DATASET EXTRACT START

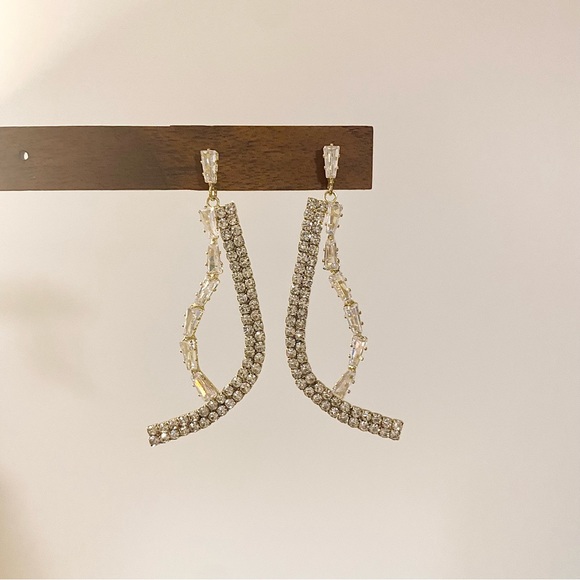Jewelry - 3/$20 Beautiful Sparkly Diamond Rhinestones Unique Dangling Curved Drop Earrings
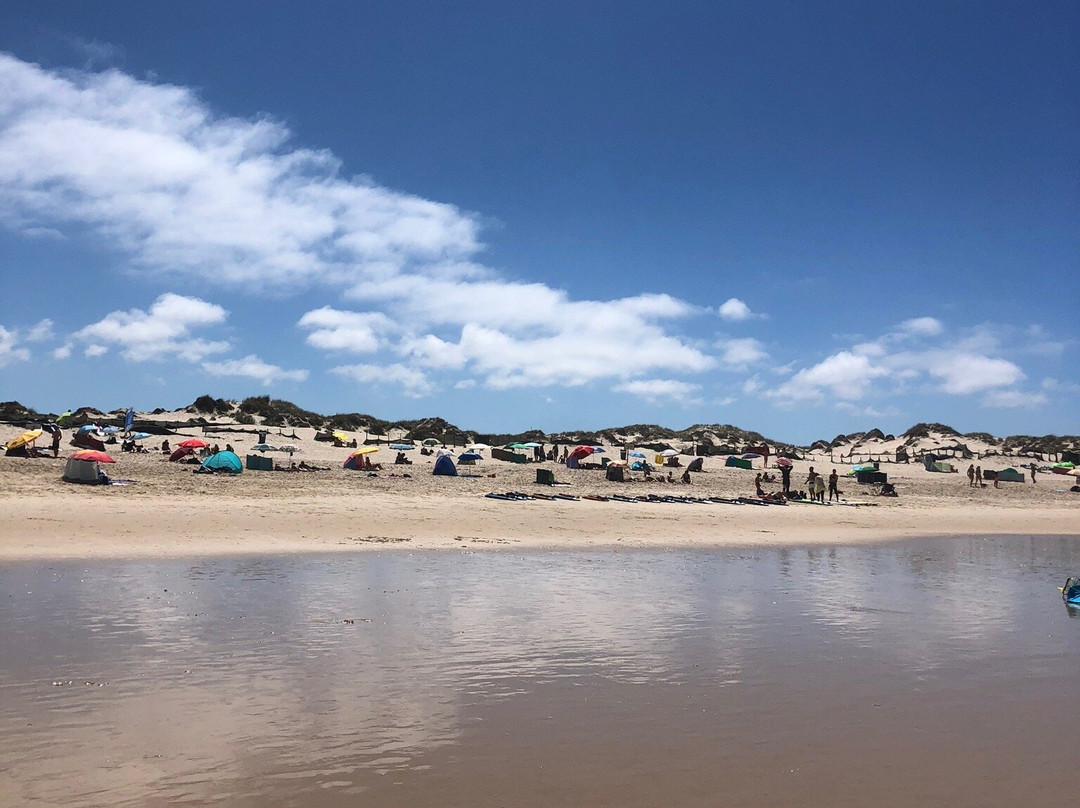 Peniche Surf Camp景点图片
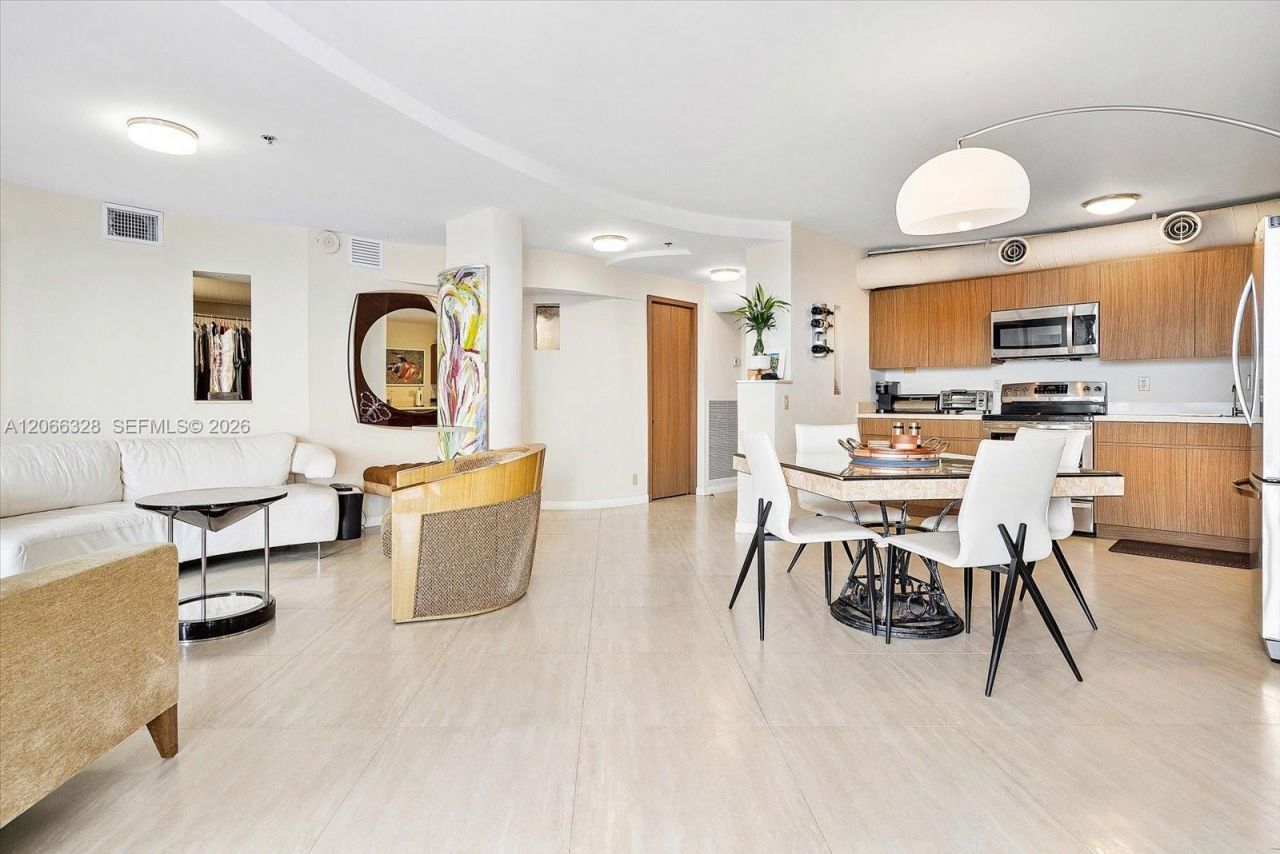 3610 Yacht Club Dr, Unit 1114, Aventura, FL 33180 Photo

DATASET EXTRACT END

◆ EXERCISE BRIEF
From the line containing "Peniche Surf Camp景点图片" down to the last line of the data above, transcribe exactly those lines and no others; omit the pictures.

◆ EXERCISE SOLUTION
 Peniche Surf Camp景点图片
 3610 Yacht Club Dr, Unit 1114, Aventura, FL 33180 Photo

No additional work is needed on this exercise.